Exercise details. Write out the data below exactly, from its first line to the line containing "ZNF23 Antibody - Western", that line included.

Dataset extract.
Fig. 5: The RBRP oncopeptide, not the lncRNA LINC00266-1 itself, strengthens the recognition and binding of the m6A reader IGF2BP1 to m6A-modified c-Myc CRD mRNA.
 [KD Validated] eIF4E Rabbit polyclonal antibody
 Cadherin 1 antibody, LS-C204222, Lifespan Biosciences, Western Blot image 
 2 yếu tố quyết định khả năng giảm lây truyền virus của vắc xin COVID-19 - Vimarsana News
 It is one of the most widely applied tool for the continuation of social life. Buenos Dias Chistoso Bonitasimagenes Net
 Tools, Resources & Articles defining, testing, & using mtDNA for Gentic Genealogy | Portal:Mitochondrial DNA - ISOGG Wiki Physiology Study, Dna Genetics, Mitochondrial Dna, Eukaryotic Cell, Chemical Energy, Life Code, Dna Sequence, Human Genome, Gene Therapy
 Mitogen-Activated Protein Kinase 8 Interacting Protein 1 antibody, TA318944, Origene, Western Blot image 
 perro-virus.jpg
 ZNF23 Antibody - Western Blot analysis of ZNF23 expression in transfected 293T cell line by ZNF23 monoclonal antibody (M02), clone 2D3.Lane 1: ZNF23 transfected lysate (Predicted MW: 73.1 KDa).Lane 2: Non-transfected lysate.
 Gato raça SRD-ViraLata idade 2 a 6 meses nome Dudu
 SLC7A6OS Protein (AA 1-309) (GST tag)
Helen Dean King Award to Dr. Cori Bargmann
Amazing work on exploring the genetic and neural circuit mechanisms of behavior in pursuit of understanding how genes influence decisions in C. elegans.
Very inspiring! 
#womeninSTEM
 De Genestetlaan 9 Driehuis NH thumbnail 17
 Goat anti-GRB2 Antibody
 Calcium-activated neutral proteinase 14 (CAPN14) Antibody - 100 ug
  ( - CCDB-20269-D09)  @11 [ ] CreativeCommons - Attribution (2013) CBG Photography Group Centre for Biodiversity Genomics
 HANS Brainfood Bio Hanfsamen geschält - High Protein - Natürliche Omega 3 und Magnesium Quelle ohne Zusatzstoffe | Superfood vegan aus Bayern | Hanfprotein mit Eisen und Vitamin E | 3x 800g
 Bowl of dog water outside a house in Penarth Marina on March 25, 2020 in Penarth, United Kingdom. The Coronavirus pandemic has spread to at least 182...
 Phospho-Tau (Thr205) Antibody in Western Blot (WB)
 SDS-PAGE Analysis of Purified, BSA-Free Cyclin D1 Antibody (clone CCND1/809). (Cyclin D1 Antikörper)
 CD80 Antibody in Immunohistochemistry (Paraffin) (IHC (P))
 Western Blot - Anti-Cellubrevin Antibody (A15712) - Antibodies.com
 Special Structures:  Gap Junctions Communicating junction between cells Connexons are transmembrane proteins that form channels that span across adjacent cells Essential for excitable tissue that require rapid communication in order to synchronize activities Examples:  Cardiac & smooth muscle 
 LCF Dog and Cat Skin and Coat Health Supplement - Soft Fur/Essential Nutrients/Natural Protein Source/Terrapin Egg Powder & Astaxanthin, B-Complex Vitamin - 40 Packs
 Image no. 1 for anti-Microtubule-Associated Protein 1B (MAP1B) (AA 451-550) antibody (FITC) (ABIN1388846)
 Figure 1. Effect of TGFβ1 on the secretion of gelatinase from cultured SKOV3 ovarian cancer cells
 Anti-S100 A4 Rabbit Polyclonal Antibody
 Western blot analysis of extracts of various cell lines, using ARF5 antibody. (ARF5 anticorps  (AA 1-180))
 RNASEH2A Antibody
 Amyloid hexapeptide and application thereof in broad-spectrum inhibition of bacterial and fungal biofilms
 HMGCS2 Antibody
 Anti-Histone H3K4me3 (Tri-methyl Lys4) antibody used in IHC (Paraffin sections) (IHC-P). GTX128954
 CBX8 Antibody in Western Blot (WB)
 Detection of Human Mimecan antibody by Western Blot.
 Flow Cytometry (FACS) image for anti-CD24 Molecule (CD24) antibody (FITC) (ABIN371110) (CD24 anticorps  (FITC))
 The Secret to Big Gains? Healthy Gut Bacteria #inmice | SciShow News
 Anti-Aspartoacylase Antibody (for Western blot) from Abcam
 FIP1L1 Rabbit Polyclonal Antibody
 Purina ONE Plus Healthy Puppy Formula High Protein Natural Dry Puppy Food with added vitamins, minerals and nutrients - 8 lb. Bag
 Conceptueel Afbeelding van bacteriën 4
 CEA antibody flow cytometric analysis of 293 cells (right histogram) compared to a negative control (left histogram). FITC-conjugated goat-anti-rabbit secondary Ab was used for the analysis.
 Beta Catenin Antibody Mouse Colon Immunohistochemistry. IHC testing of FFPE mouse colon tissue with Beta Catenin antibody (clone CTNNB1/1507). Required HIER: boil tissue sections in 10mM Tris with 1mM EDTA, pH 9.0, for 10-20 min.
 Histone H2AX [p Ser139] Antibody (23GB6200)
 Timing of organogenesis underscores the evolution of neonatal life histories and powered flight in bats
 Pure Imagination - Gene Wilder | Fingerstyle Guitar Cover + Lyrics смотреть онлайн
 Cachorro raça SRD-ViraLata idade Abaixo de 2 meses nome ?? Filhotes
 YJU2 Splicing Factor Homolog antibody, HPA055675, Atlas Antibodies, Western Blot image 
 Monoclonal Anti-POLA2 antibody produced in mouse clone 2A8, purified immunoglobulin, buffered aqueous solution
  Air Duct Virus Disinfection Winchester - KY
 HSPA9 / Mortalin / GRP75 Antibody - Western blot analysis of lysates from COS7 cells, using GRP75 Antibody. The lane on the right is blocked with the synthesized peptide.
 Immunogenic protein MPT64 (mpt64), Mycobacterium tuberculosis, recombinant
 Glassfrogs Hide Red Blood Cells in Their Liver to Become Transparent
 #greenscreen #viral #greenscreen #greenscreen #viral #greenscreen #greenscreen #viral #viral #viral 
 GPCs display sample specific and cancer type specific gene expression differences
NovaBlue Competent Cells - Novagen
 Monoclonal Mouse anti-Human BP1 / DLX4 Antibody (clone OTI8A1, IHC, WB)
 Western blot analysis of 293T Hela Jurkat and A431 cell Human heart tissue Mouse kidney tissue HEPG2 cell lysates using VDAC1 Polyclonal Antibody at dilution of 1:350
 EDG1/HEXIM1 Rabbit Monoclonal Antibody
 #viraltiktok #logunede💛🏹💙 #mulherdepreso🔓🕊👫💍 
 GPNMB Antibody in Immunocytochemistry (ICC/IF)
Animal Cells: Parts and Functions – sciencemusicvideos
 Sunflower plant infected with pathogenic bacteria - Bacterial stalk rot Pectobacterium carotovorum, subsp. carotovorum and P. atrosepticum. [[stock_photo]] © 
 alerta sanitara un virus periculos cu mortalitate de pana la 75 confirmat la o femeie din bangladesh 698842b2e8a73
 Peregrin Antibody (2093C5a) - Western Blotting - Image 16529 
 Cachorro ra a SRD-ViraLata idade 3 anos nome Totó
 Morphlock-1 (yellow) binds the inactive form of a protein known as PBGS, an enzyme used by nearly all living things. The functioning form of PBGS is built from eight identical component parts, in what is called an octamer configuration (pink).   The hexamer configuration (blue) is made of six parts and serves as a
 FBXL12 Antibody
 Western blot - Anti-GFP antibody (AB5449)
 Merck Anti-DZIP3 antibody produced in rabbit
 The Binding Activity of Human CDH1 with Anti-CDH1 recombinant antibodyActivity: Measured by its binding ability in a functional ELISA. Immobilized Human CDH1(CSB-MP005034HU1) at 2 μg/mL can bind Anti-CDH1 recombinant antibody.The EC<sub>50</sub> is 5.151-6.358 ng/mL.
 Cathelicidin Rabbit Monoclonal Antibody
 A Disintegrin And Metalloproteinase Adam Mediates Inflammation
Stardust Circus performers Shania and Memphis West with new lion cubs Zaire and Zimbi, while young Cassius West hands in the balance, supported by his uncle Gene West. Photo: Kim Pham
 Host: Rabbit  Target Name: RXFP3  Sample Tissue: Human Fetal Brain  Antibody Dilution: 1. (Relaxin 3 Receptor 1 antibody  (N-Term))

Task answer.
Fig. 5: The RBRP oncopeptide, not the lncRNA LINC00266-1 itself, strengthens the recognition and binding of the m6A reader IGF2BP1 to m6A-modified c-Myc CRD mRNA.
 [KD Validated] eIF4E Rabbit polyclonal antibody
 Cadherin 1 antibody, LS-C204222, Lifespan Biosciences, Western Blot image 
 2 yếu tố quyết định khả năng giảm lây truyền virus của vắc xin COVID-19 - Vimarsana News
 It is one of the most widely applied tool for the continuation of social life. Buenos Dias Chistoso Bonitasimagenes Net
 Tools, Resources & Articles defining, testing, & using mtDNA for Gentic Genealogy | Portal:Mitochondrial DNA - ISOGG Wiki Physiology Study, Dna Genetics, Mitochondrial Dna, Eukaryotic Cell, Chemical Energy, Life Code, Dna Sequence, Human Genome, Gene Therapy
 Mitogen-Activated Protein Kinase 8 Interacting Protein 1 antibody, TA318944, Origene, Western Blot image 
 perro-virus.jpg
 ZNF23 Antibody - Western Blot analysis of ZNF23 expression in transfected 293T cell line by ZNF23 monoclonal antibody (M02), clone 2D3.Lane 1: ZNF23 transfected lysate (Predicted MW: 73.1 KDa).Lane 2: Non-transfected lysate.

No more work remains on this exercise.